Niklas and Matej, thank you very much for answer!
Matej, you are right that in the case of big particle we should take into account a lot of forces (for example lift force, that takes into account the circulation of the flow around the particle). I have already implemented this and some other forces in the solidParticle library.
The most problem is in the region close to the wall. We should make the size of the mesh elements near the wall much smaller than in the middle zone to simulate the hydrodynamic correctly, especially in the case of EM governed flow (my case). Thus appears the described problem of the collision with the wall.
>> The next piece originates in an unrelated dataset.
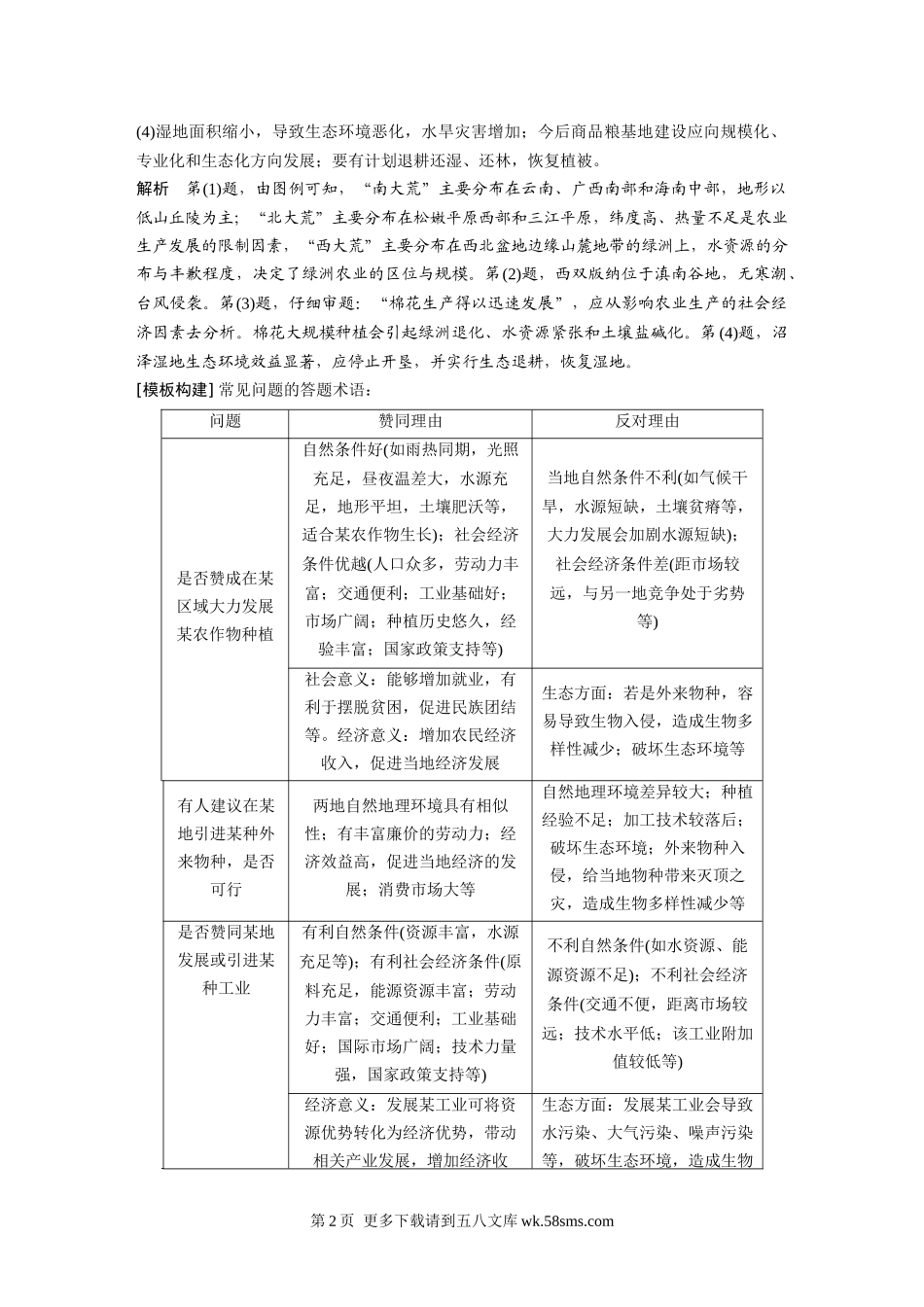 类型六　探究持续发展类.docx_第2页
The way how to solve this problem that I want to suggest is so. I propose to make a virtual wall in the distance of the radius of the particle from the real wall. Then make the size of the particle zero for the function wallImpactDistance. Thus we will indicate the collision when the center of the particle reach this virtual wall.
Now I can not understand how to implement the check of the collision with this virtual wall in the function trackToFace. If you can give me some advise in this question, I'll be very thankful!
This is a really difficult problem.
Let me outline how I would do it and where I see the challenges. Maybe you have a better idea, in which case I would love to hear it.
Since we are assuming that wall-interaction can occur even though we are not in a cell close to a wall, we have to move our wall-faces inwards according to the wallImpactDistance and check every wall-face before we move the particle to see if we will hit a wall face first.
This operation is pretty straight-forward: we just add 1 extra check to the original algorithm
before we move the particle.
Something like this -
1. original algorithm.
2. check wall faces.
3. move particle.
However...point 2 in the list above is trickier than one would think
Maybe a simple example can serve as an illustration to the problem.
Assume we have 2 walls as below, that we move inwards and
the particle wants to move from A to B.
Hence, when you check for wall-interaction you have to also check if the intersection-point
is within the wall-face.
And, since we have to take into account the size of the particle and move the wall-faces, we
are creating small holes in the mesh through which the particle can escape.
So in short, wall-interaction has to take into account if the interacting point is within the face (very expensive check) and it's also important when you move the wall-faces that you
dont create holes in the mesh. This implies that you cant just move the faces, you have to move the points that constitutes the faces.
I hope it is clear now why I find this a bit difficult.
May be you all can help me, I have been trying to play with Lagrangian particle solver, I had two questions in this regard
a) Is there some restriction on this solver, when we run it in parallel.
b) I have even tried running it on my desktop, every thing keeps on going well for certain time steps but eventually it hangs with message on the screen as follows
Time = 0.41
Courant Number mean: 0.0123124 max: 0.234255
53 Particles moved. 3 walls hit. 0 particles left the model.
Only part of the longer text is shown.